During this time, I received a return phone call from the emergency services to ask if I was ok, and did I wish to leave the boat. To this my new Toorbul mate yelled to the guy on the phone that we were busy trying to get the boat moving and to “P—s off”. Even the emergency guy on the phone had a good laugh at that.  hahaha

We had no hope of moving the boat until the high tide came in some 6 hours later so we were left stranded in the pitch darkness, but what happened next I will never forget.

This amazing Toorbul man made three trips back and forth from his home to make sure we were ok as the night and darkness set in. He also brought food and insect spray to make sure we were safe and as comfortable as we could be under the circumstances.

This to me said everything I wanted to know about Queenslander’s and Moreton Bay. They support one another in times of trouble and they stand up when things go pear shaped, and believe me, things went pear shaped for us this day.

To me this was my first experience of “Community” since moving to Queensland, and I am the type of person that when someone does something kind for me, I never forget it. And this act of kindness humbled me to my very core, and it still moves me years later. You see, in Sydney it’s dog eat dog, and city life  and large companies are so far removed to this amazing lifestyle you folks enjoy here in Queensland it’s not funny.

It’s just two different worlds.

I’ve come to love you Queenslander’s to bits, and I have never been out and about as much as I have since I moved up here. I have truly brought into the lifestyle and Community like you can’t believe and that’s one of the main reason why I’m running for Mayor and whether I win an election or not that love affair with Queensland will continue on until I finally call it a day.

I would love to meet up with this wonderful Toorbul man again, and once again shake his hand for what he did for us that day. It actually all happened so quickly. Stuck in low tides, with night falling into darkness and confusion everywhere. The dogs even had run around in the mud as the sun set and we laughed our heads off.
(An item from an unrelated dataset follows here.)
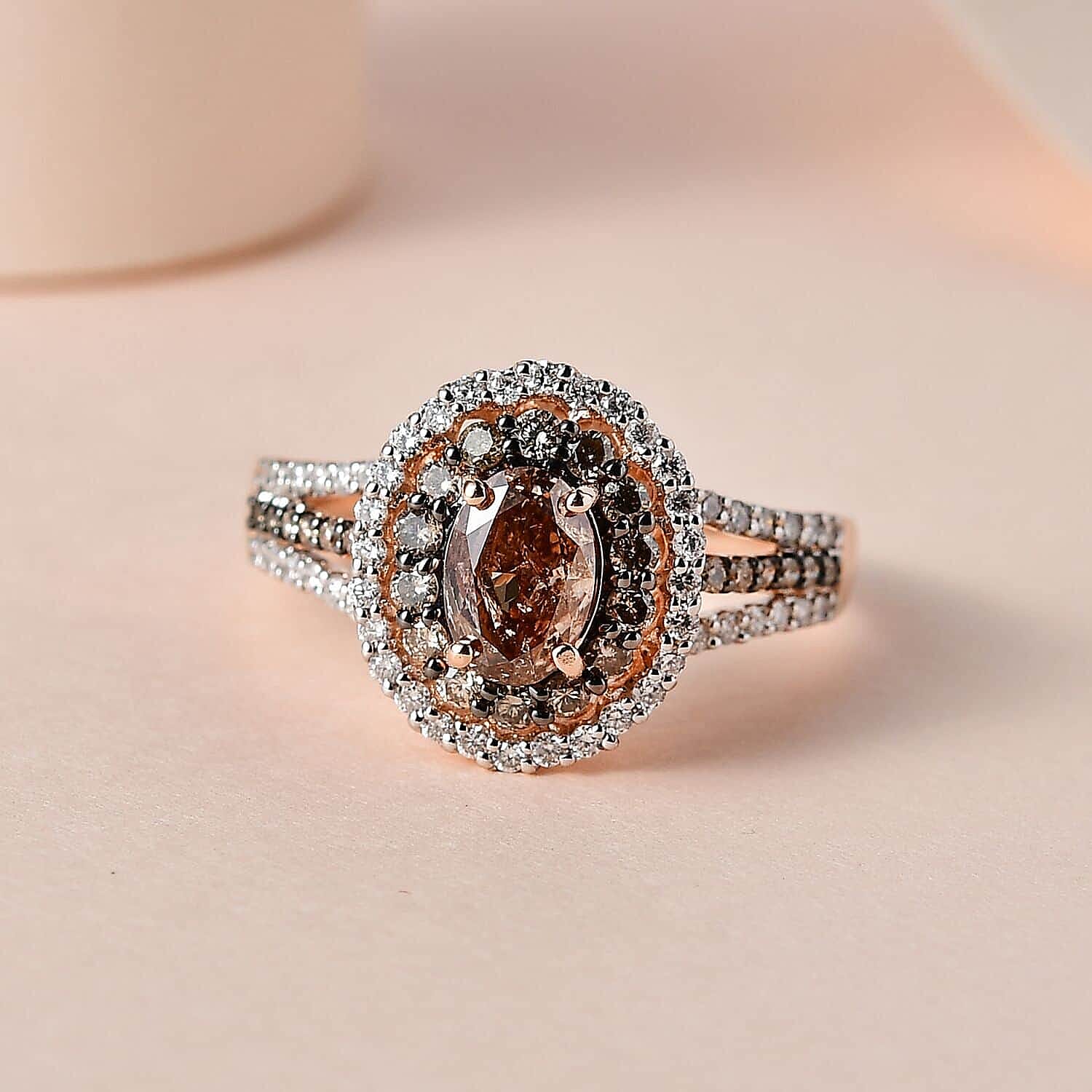 Luxoro 14K Rose Gold I1-I2 Natural Champagne and White Diamond Double Halo Ring (Size 11.0) 2.00 ctw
We made the best of a crazy situation, but it’s what Queenslander’s do isn’t it?

Yes, to me this day meant more to me than breaking my retirement and going back to work and running for Mayor, there is no doubt in my mind that being stranded that day has had a huge bearing in my mindset to stand up for the ordinary Mums and Dads and family, and to give a little back for what Queensland has done for me.

Queensland has given me my life and spirit back, from tragedy and loss to feeling a sense of life I have not experienced for such a long time.

I may not be an expert on boating or the great outdoors, but I sure as hell know what to do about changing what’s currently in place with this Council.

We are all about to go on a wonderful  journey of change together and I promise I won’t leave you stranded high and dry in the middle of nowhere if you put your trust in me, those days will soon be a distant memory.